(Beginning of Data block)

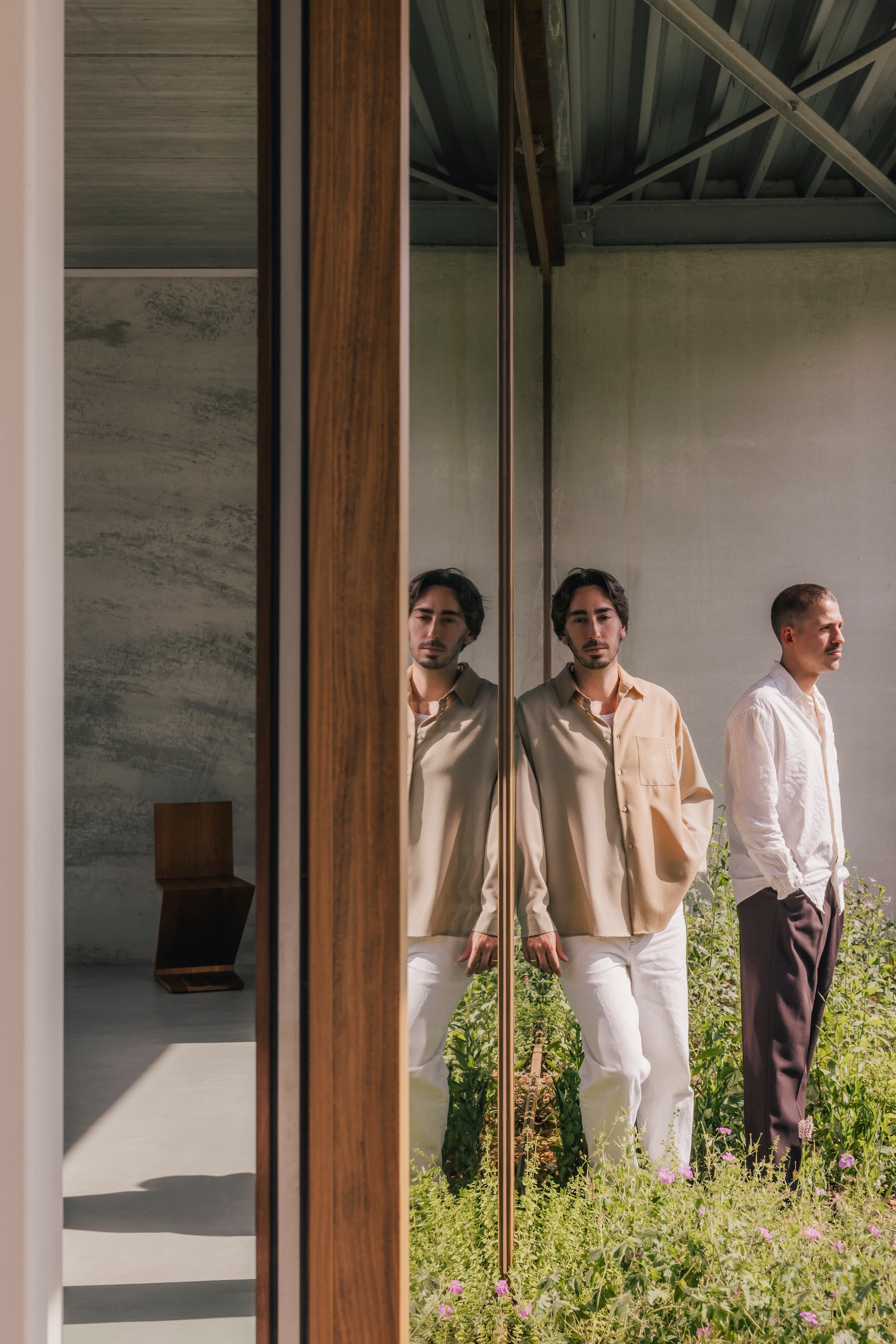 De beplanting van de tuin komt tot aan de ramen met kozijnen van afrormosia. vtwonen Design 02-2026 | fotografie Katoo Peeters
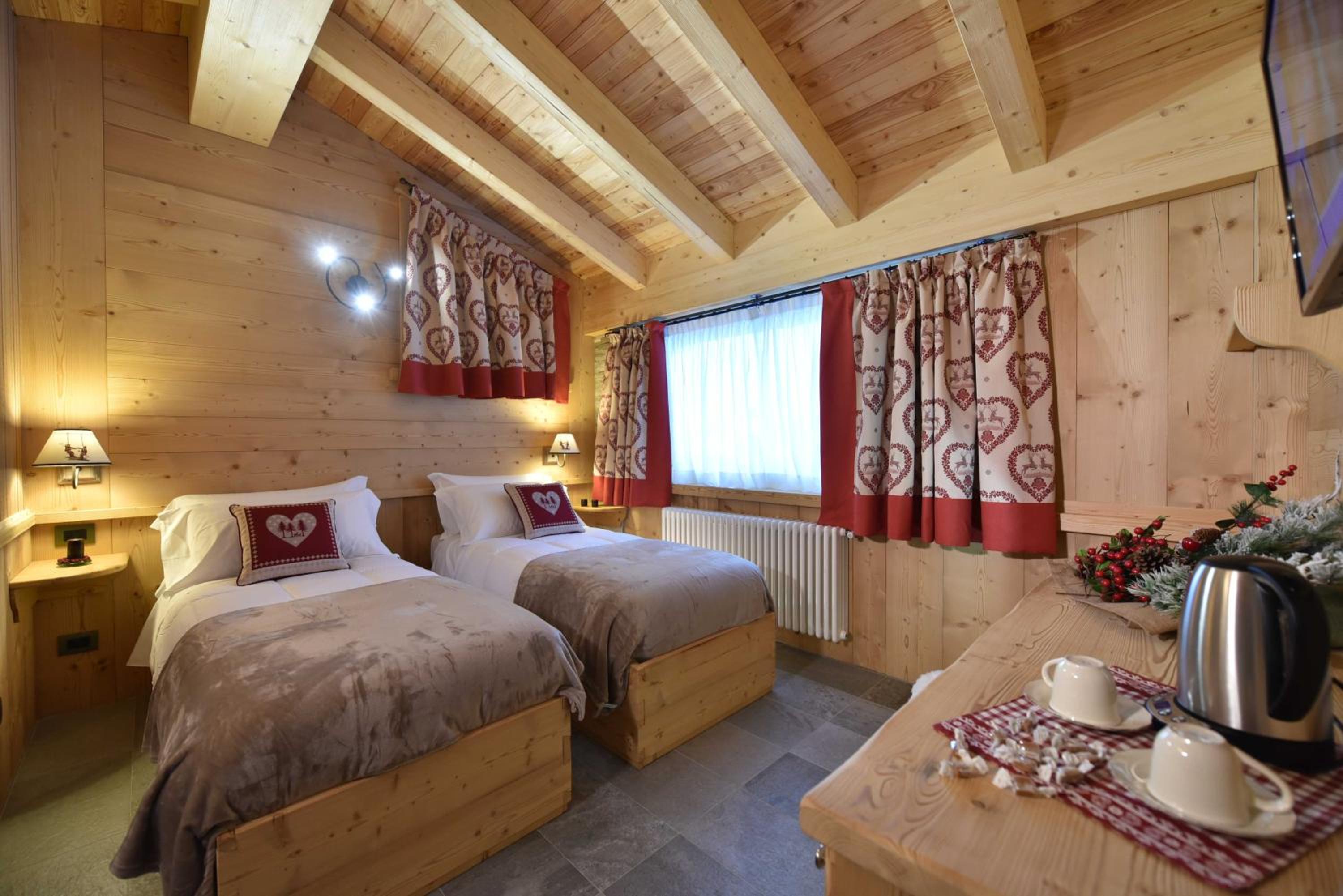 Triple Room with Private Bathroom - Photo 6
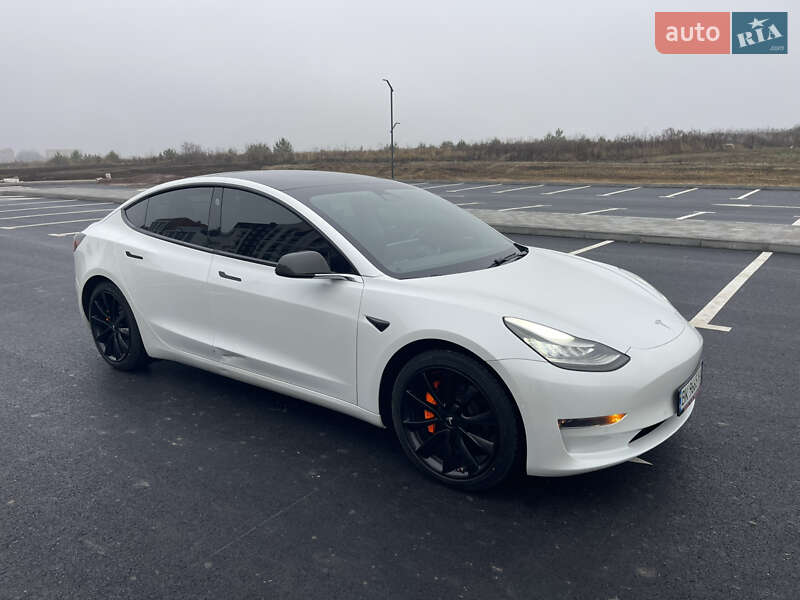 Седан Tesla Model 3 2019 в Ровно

(End of Data block)

* [Task prompt]:
Copy each line above precisely, dropping the pictures.

* [Solution for this problem]:
 De beplanting van de tuin komt tot aan de ramen met kozijnen van afrormosia. vtwonen Design 02-2026 | fotografie Katoo Peeters
 Triple Room with Private Bathroom - Photo 6
 Седан Tesla Model 3 2019 в Ровно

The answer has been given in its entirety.